In my experience, the minds of a great many independent Baptist preachers are filled with vain tales and folklore that are taken as “gospel.” These “old preachers’ tales” are passed on from generation to generation and are trotted out frequently in conversation and sermon to the enthusiastic acclaim of the brethren.

In fact, these “old preachers’ tales” are fundamental principles by which many preachers conduct their ministries.

Yet they fall to pieces the moment they are tested by the Word of God.

Any principle that fails the test of God’s Word is wrong-headed and heretical, no matter how popular.

Most of the following “old preachers’ tales” are geared to support and defend the popular principle that preachers should focus on the positive and avoid the negative, that a “warning ministry” is unnecessary at best. This has been the heart and soul of New Evangelicalism since the 1950s, and it has been accepted by a large number of fundamental Baptist preachers who would strongly disavow that they are New Evangelicals.

My earnest prayer, a prayer I have prayed with tears, is that fundamental Baptist preachers will stop the mindless commitment to Baptist tradition and the blind loyalty to some “hero,” and be more committed to God’s Word than tradition and more loyal to the infallible Christ than some fallible man.

We all give lip service to the commitment to the Bible as “the sole authority for faith and practice,” but how true is that commitment when it comes to our pet theories, vain folklore, and “old preachers’ tales”?

OLD PREACHERS’ TALES

- Counterfeit Currency Detection Focuses on True Currency, Not False
- I Don’t Need to Know What’s Happening
- We Should Major on the Majors
- You Attract More Bees with Honey Than Vinegar
- It’s a Local Church Matter
- Touch Not Mine Anointed
- Don’t Shoot the Wounded

- COUNTERFEIT CURRENCY DETECTION FOCUSES ON TRUE CURRENCY, NOT FALSE

I have heard this choice bit of folklore since my student days at Tennessee Temple in the mid-1970s.

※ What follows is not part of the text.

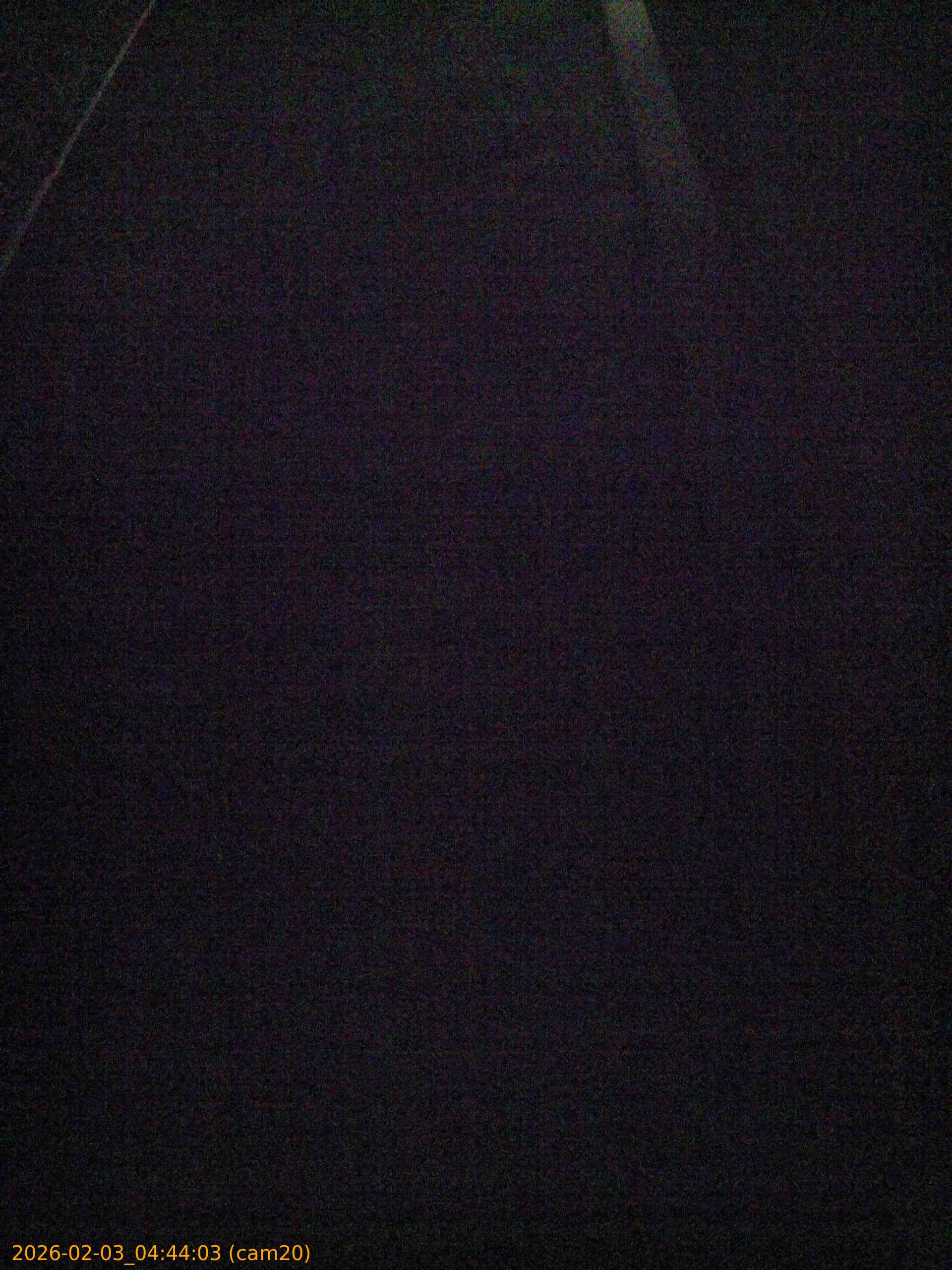 thumbnail_20260203044403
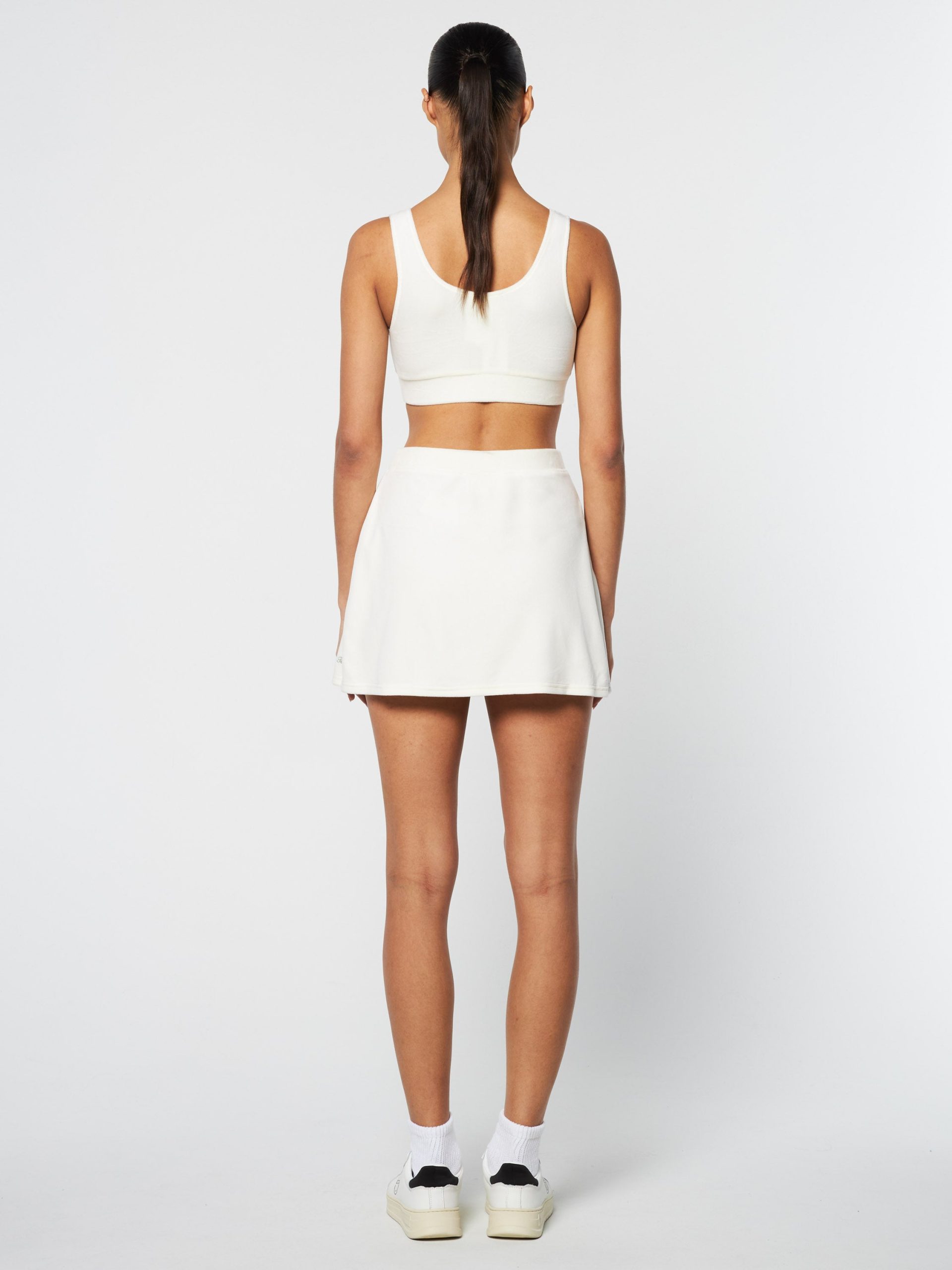 Adela Bra- Gardenia - Image 4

It goes like this: The Secret Service trains its agents to recognize fake currency by studying the genuine article, not by examining counterfeits.

This is supposed to support the principle that preachers don’t need to study error and don’t need to train their people about error, that it is sufficient to preach the truth, that if we know the truth well, we don’t need to deal with falsehood.

While it is essential to know the truth as thoroughly as possible, and while we certainly major on learning the Word of God as the most fundamental aspect of the Christian life and ministry, this folklore is wrongheaded on two counts.

First, it misrepresents Secret Service training. The Secret Service trains its agents to recognize counterfeit currency BOTH by studying genuine currency AND by studying the methods of counterfeiting. If you are not familiar with the subtle errors of the counterfeit, you can easily overlook them.

Second, it is unscriptural. If it were sufficient to preach “positive truth” and not to study and understand false teaching and to train the people how to avoid it, the New Testament epistles would not be filled with plain warnings.

For example, in 1 Corinthians 15, Paul not only preached “positive truth” about the resurrection, he warned sharply about false teachers and he stated and refuted their errors.

In Galatians, Paul not only preached the positive truths of the gospel, he plainly warned about the heretics that were perverting the gospel and he stated and refuted their errors.

Jude says the preacher’s job is not only to preach truth but also to “earnestly contend for the faith once delivered unto the saints” (Jude 1:3).

We see this across the entire canon of the New Testament.

Preachers are tasked with protecting the Lord’s flock from wolves, no matter what clothing those wolves adapt to avoid detection. The devil’s wolves are clever. Their error is subtle. It can consist in the mere redefinition of a biblical term, such as “atonement.” It can consist in a simple subtraction from a theological truth, such as the difference between “salvation is by grace,” which is the heresy that the Roman Catholic Church believes, and “salvation is by grace
alone without works,” which is the truth that Paul taught. Error can consist of something as subtle as the difference between “the Father, Son, and Spirit are manifestations” and “the Father, Son, and Spirit are persons.” Error can consist in the truth that is neglected rather than the heresy that is taught, which is a fundamental problem with New Evangelicalism.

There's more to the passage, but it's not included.